Copying exactly, give the lines in the material below from the one with "79 - An Edwardian" to the one with "summer environment portrait", ends included, and nothing besides.

EXTRACTED MATERIAL:
************
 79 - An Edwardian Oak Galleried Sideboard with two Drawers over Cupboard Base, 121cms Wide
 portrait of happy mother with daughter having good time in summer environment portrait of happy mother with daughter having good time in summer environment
************
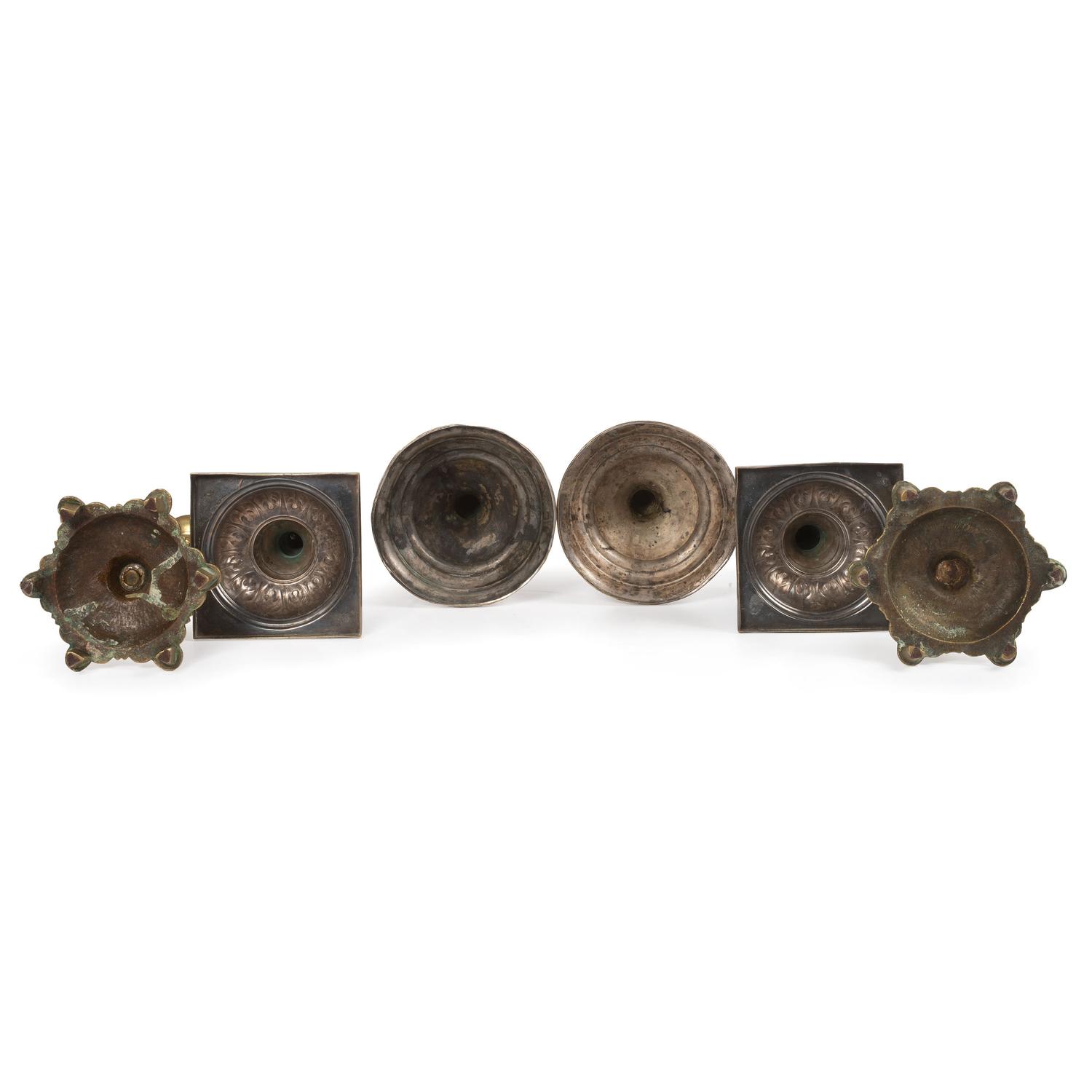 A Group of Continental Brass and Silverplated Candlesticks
************
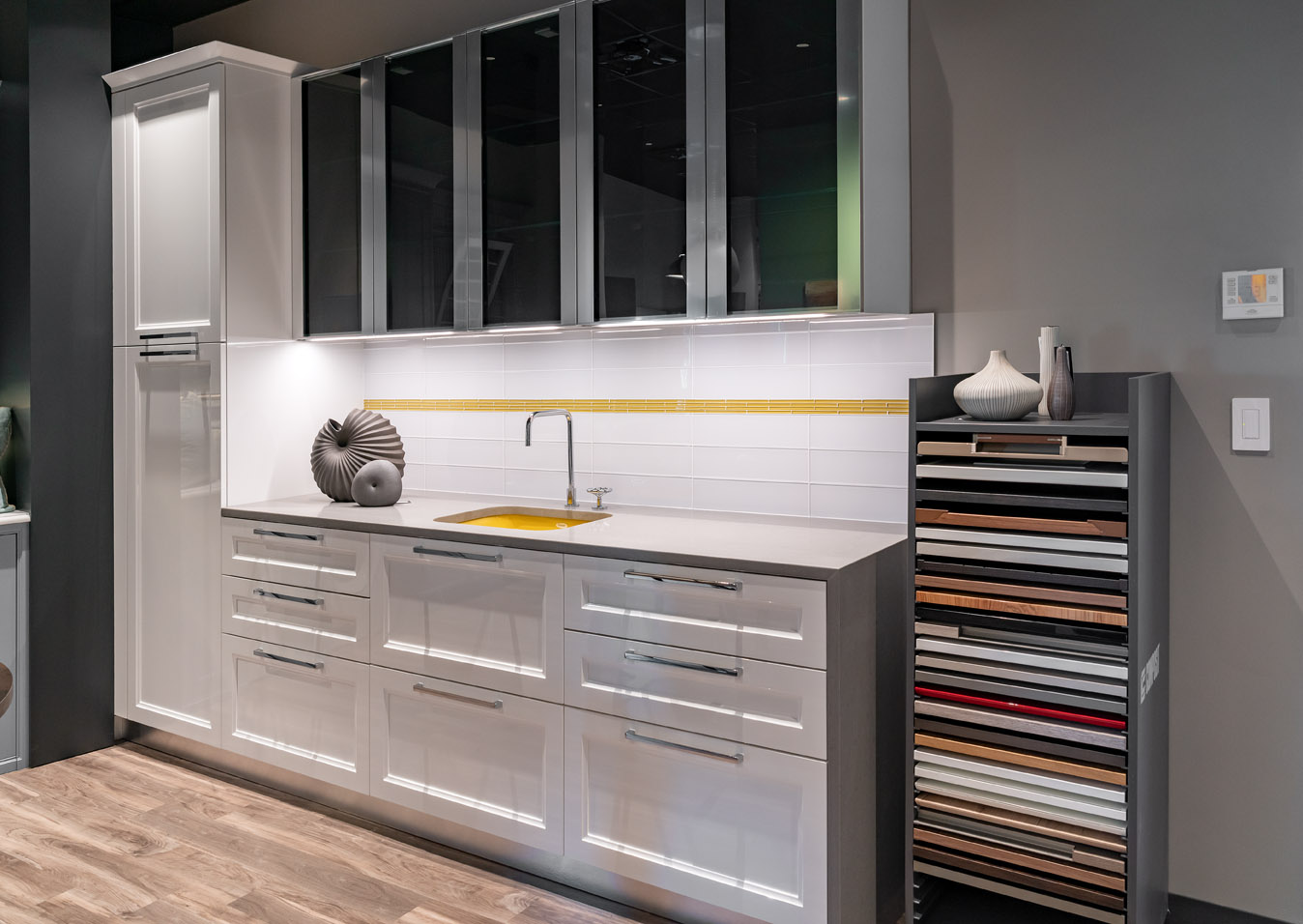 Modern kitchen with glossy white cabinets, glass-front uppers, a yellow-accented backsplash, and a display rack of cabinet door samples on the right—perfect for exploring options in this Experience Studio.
************
RESPONSE AREA:
 79 - An Edwardian Oak Galleried Sideboard with two Drawers over Cupboard Base, 121cms Wide
 portrait of happy mother with daughter having good time in summer environment portrait of happy mother with daughter having good time in summer environment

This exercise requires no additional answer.